Bladder cancer is a urothelial malignancy. Bladder cancer starts in the urothelial cells lining the inside of the bladder. The 5-year recurrence rate for bladder cancer ranges from 31% to 78%, and the progression rate is approximately 45%. To treat bladder cancer, intravesical drug therapy is often used. Leonurus artemisia extract (LaE) was obtained from medicinal samples of Chinese motherwort Scientific Chinese Medicine; L. artemisia has various biological effects. This study investigated the impact of LaE on human bladder cancer cells (the BFTC-905 cell line) and the molecular mechanism underlying apoptosis resulting from the activation of cell signal transduction pathways in bladder cancer cells. A cell counting kit-8 (CCK-8) assay was used to determine the effect of LaE on cell growth. The effect of LaE on migration ability was observed using a wound healing assay. The effects of LaE on the cell cycle, reactive oxygen species production, and apoptosis were investigated.
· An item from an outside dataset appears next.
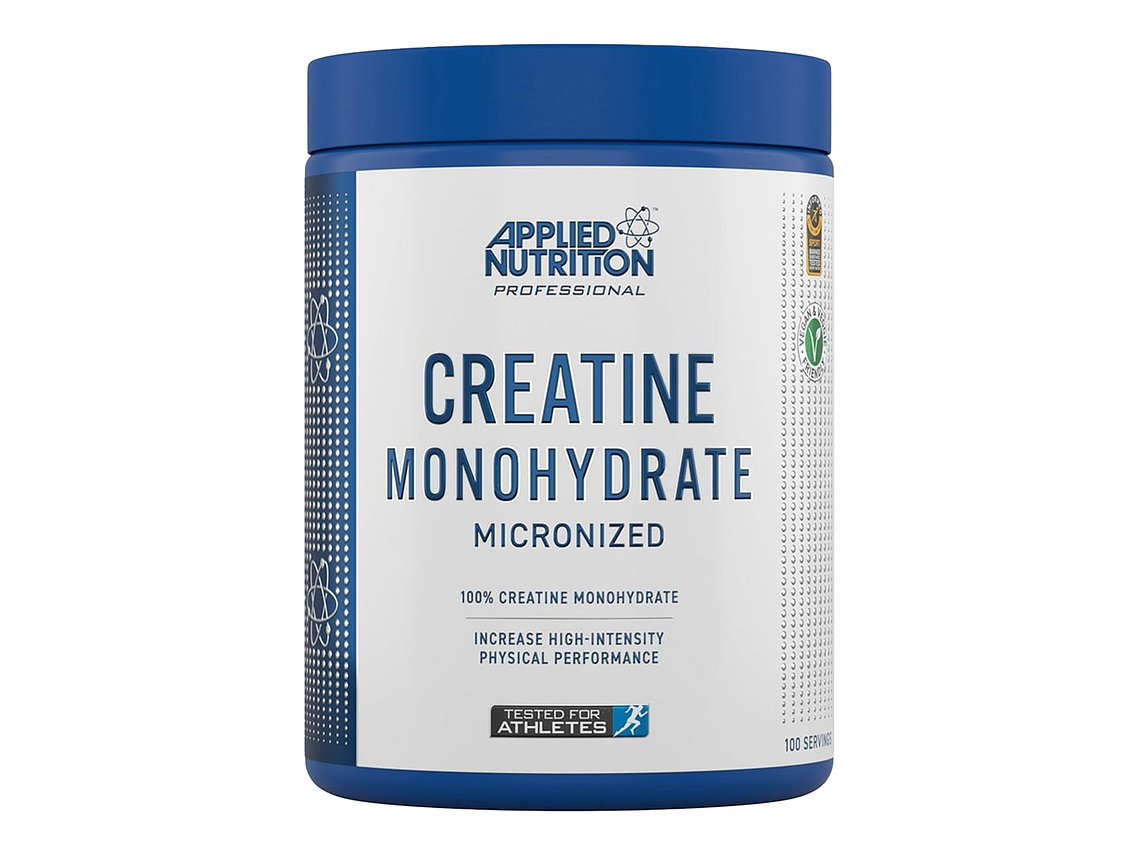 Creatina Monohidratada 500grs 100servicios Applied Nutrition 1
Western blot analysis detected apoptosis-related and mitogen-activated protein kinase signaling pathway-related protein concentrations. At non-toxic concentrations, LaE inhibited the proliferation of BFTC-905 cells in a concentration-dependent manner, and the half-maximal inhibitory concentration (IC50) was 24.08172 µg/µL. LaE impaired the migration ability of BFTC-905 cells. LaE arrested the cell cycle in the G1 and G0 phases, increased reactive oxygen species production, and induced apoptosis. LaE increased Bax and p-ERK concentrations and decreased Bcl-2, cleaved caspase-3, and p-p38 concentrations. No differences in PARP, C-PARP, vimentin, e-cadherin, p-JNK, or TNF-alpha concentrations were observed. These results suggest that LaE inhibits the proliferation of human bladder cancer cells. Moreover, the mitogen-activated protein kinase signaling pathway is involved in the inhibition of the proliferation of BFTC-905 cells.